Day 1 we tagged the line and fed the webbing across just in time before a thunderstorm came in. The line was crossing across a sandstone alcove with the North and South Six Shooters as the audience.
Feeding over 950 feet of double up webbing is no easy task with a team of 2. (1 person on each side. ) Special thanks to Simon and Meg for coming to the rescue helping with this task!
Doug rigged the static side and pulled the webbing over by himself. We are able to have one person rig the static side on longer lines in combination with a Protraxion, Handheld Ascender and tagline thats thick enough to fit into the Protraxion. This allows for a capture progress system that can be manned by one person.
On the Tensioning side we fed out the webbing through a redirect systyem using 3 "Slacktivity Hangovers." This helped keep the webbing off the cliff while we fed it out of the haul bag.
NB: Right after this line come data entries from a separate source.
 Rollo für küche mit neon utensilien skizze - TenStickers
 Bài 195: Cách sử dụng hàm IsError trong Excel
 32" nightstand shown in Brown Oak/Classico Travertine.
The line was rigged and we begun the session! It's amazing to feel the space these kind of lines can allow for you to experience. The amazing sandstone backdrop made us feel far away from our colorado granite.
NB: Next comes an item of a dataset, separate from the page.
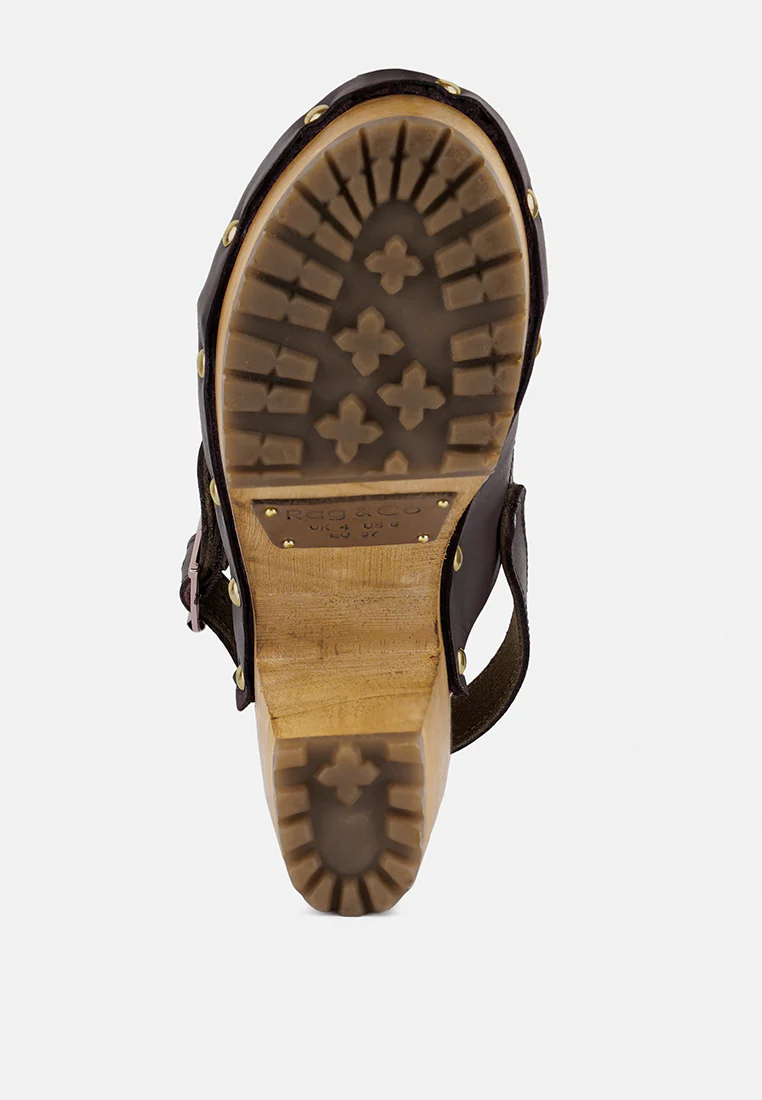 ALONA Brown Slingback High Block Heeled Clogs - Image 7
Our anchors consisted of 10mm static rope with whoopie sling bolt tie offs to the master point. We then extended out the placement of our weblocks over the cliffside to minimize abrasion with a 6 foot purple spanset. I prefer this method in moab because it reduces the concern for cliffside webbing damage.
Our walking session ended early due to nasty wind, but our trip continued to the valley floor splitter cracks! Indian Creek has so much potential for long and aesthetic highlines. I can't wait to get back out there and rig more!